When Joseph Tatusko sent out a press release last month announcing the launch of his new advisory firm, Mill Hill Advisors, the focus was on "fiduciary money management," which speaks volumes about how mainstream the idea of fiduciary has become.
Mr. Tatusko, who has worked as a registered investment adviser for more than 15 years, admits he is jumping on a bandwagon by leveraging his fiduciary status. But he also admits it is a bandwagon that didn't even exist a year ago before the Department of Labor unveiled its controversial rule.
"Today, the idea of being a fiduciary is more prominent than ever," Mr. Tatusko said. "It's all over the news, and consumers are becoming increasingly aware of it."
It might be too early to actually measure the benefits of leveraging the fiduciary status, but there is no denying that savvy RIAs are milking it for all its worth.
Even as haggling by industry lobbyists and Washington politicians threatens to alter and delay the DOL rule beyond this month's official launch date, large parts of the RIA industry have already moved past the actual rule and are embracing what the rule represents.
Greg Carlson, chief executive of the $1.6 billion Carlson Capital Management, said fiduciary duty has always been a part of his business, but only recently has he started seeing the advantages of actively promoting it to new and prospective clients.
"We just sent out a communication to all of our clients, explaining that we have always acted in their best interest, and we also mention it in our digital and print marketing," he said. "We are absolutely getting more inquiries about whether we're a fiduciary."
JC Abusaid, president and chief operating officer at the $2.5 billion Halbert Hargrove Global Advisors, said he has never seen so much attention paid to the topic of fiduciary duty.
"Finally, people are paying attention and asking smarter questions," he said. "We used to have to spend a lot of time explaining to clients what a fiduciary is."
Since the fiduciary buzz has kicked in, Mr. Abusaid and his colleagues have added the fiduciary label to their business cards, and "it is now all over our website, and even in our email signatures."

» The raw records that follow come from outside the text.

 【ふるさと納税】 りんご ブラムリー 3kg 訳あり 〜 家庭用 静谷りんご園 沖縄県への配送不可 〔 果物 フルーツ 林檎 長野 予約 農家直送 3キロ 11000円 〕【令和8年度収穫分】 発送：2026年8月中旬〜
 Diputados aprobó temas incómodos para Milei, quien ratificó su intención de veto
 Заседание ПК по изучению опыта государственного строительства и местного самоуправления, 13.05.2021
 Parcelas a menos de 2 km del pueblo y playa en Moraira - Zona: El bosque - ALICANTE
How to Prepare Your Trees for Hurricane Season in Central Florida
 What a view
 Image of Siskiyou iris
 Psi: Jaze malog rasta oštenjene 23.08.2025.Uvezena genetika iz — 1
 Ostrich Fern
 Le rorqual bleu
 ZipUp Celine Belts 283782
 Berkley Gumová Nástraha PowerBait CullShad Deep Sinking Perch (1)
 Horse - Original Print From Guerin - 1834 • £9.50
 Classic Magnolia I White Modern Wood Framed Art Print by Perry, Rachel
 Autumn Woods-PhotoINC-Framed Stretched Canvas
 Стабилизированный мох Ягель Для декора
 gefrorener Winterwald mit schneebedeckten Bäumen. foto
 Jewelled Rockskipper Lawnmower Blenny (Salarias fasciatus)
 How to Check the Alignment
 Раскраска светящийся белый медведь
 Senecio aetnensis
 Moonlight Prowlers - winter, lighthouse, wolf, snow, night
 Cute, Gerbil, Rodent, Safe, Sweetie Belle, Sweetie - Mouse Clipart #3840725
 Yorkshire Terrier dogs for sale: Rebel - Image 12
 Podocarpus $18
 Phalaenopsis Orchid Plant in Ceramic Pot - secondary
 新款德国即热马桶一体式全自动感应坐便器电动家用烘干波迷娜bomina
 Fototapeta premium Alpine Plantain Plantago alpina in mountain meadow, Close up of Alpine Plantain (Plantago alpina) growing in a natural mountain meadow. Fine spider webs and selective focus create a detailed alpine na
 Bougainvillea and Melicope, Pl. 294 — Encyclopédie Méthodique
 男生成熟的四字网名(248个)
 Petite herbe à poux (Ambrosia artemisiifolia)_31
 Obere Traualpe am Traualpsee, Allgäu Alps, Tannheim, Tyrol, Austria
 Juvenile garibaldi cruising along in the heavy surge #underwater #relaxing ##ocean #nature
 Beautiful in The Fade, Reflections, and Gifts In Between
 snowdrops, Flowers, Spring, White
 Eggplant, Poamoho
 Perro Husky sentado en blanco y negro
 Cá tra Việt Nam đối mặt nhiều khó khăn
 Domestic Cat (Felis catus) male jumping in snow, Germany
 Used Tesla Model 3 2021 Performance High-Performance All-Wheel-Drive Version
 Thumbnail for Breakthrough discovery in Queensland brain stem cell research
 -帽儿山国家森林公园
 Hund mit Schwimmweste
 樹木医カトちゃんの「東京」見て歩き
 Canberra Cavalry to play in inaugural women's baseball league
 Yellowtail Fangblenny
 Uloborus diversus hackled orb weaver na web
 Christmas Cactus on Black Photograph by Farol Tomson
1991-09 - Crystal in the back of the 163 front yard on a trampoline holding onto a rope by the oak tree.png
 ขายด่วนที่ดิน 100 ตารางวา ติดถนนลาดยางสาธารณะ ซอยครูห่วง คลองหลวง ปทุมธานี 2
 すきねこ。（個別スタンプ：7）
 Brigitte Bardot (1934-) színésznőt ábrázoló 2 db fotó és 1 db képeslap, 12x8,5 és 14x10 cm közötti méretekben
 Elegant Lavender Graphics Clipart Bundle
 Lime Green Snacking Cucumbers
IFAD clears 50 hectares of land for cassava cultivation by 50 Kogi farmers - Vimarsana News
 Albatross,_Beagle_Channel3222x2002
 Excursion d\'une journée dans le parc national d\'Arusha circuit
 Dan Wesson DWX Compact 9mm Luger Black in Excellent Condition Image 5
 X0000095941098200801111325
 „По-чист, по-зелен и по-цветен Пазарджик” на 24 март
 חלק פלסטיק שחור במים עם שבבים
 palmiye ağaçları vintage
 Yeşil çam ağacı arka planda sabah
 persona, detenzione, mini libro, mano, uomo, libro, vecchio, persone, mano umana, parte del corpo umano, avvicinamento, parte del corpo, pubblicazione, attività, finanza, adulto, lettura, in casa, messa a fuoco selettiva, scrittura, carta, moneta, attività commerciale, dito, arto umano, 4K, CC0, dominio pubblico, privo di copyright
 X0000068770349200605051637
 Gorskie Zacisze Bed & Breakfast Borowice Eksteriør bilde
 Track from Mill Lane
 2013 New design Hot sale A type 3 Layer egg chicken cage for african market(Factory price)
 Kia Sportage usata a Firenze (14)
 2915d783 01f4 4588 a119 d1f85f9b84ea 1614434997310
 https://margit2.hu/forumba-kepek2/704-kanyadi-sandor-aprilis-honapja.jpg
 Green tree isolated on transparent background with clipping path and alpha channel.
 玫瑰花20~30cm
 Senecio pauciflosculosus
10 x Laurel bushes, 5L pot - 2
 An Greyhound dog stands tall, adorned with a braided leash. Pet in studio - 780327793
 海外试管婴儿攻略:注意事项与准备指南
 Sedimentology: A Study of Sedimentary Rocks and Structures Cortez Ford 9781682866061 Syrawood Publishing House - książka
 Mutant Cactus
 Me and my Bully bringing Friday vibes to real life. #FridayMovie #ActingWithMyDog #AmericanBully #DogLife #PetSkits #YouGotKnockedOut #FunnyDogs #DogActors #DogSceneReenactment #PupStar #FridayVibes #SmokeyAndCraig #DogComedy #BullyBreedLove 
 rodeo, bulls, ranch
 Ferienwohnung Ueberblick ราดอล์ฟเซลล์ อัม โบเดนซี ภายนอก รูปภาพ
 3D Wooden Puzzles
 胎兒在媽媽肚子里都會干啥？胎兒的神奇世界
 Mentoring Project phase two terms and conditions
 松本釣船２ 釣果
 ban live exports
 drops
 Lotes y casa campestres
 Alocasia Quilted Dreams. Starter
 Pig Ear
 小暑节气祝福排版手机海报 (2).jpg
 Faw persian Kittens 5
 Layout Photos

Vince DiLeva, senior partner at the $6 billion Signature Estate & Investment Advisors, said he is also noticing a lot more questions from clients about fiduciary duty.
"We sent out a newsletter last quarter that was all about the fiduciary rule and what you should know about it," he said. "In a sense, that was marketing, but we also reminded people that we've been doing things this way since 1997 and we're not going to change."